# Solved: How do you disable headphones?



## ZaneBlaze (Sep 29, 2007)

Ok, so I had my headphones plugged in, and the tip of the jack broke off, so now I have no sound  ... So I figured if I disable my headphones, I SHOULD be able to get my sound back, right?

How can I disable the headphones to have my speakers work again on my Notebook PC?


----------



## ZaneBlaze (Sep 29, 2007)

Help


----------



## ZaneBlaze (Sep 29, 2007)

Ok, the pin broke inside headphone jack, and I CANT get it out. SO my computer thinks I have headphones plugged in. One thing, the case WONT come off (stupid Lenovo comp.), and It's kinda down in there far. Also, it's closed in, so I cant do anything even if I get the stupid think open! All I want to do is disable the headphones and make the sound come out of the speakers, but i cant find how to do it, if I can.

PLEASE HELP!
Lici


----------



## Triple6 (Dec 26, 2002)

You can't unless you open up the laptop and unplug it - and thats only if it can be unplugged, your best bet would be to try to remove the broken piece of the jack. And I know no easy way without taking the laptop apart as well.


----------



## ZaneBlaze (Sep 29, 2007)

I cant get the laptop open...it just wont pop open, we TRIED to get it out, someone mentioned something about disabling the headphones and forcing the sound to come out of the speakers.

Can you do it through the BIOS?


----------



## JohnWill (Oct 19, 2002)

I've merged your two threads, please don't start multiple threads on the same issue.


----------



## JohnWill (Oct 19, 2002)

The headphone jack disabling the speakers is a mechanical contact on the phone jack, there is no way to "fix" this with a BIOS setting.


----------



## cwwozniak (Nov 29, 2005)

Many a typical headphone jack setup includes internal switched contacts that feed the speakers. Inserting a headphone plug into the jack moves the contacts apart and automatically disconnects the speakers. An overly aggressive attempt to remove pieces of a broken plug in the jack could bend the contacts so that the speakers never connect.


----------



## ZaneBlaze (Sep 29, 2007)

No, that is NOT the problem. The piece of the plugis still lodged in the jack. We haven't been overly agressive...

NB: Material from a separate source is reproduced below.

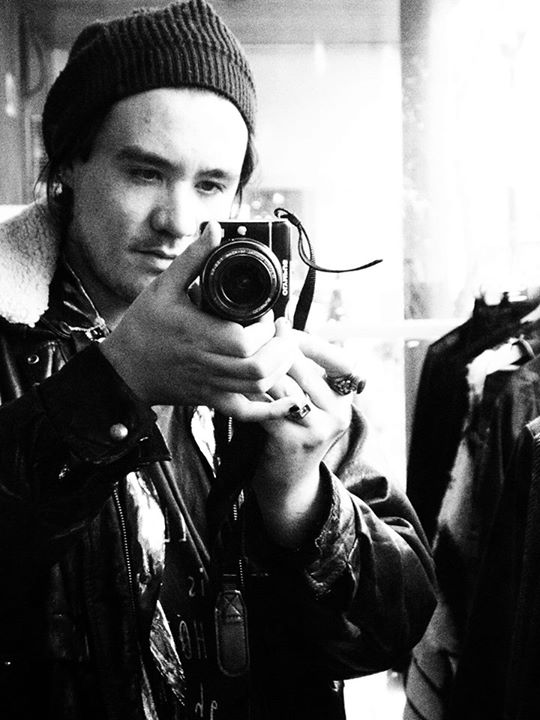 Aaron Duarte- EOF Weather Report (Winter 2013:14} - Detail on Accessories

EDIT: I shoved another headphone into the jack, pushed the piece inside, and now I have sound, though this probably wasnt the SMARTEST idea XD


----------



## cwwozniak (Nov 29, 2005)

ZaneBlaze said:


> I shoved another headphone into the jack, pushed the piece inside, and now I have sound, though this probably wasnt the SMARTEST idea XD


   

If you are lucky, the piece you pushed inside of the jack was captured inside the jack housing and may eventually just cause some some sound output problems. If you pushed it out of the jack housing and it is loose inside the laptop case, that piece may find its way into shorting together two points on the mother board and killing it beyond any simple repair.


----------



## JohnWill (Oct 19, 2002)

ZaneBlaze said:


> No, that is NOT the problem. The piece of the plugis still lodged in the jack. We haven't been overly agressive...
> 
> EDIT: I shoved another headphone into the jack, pushed the piece inside, and now I have sound, though this probably wasnt the SMARTEST idea XD


Now, that probably *does *fall under the category of *Overly Aggressive*! 

I agree with the previous comment, this could very easily cause far larger issues, depending on where that piece ended up.


----------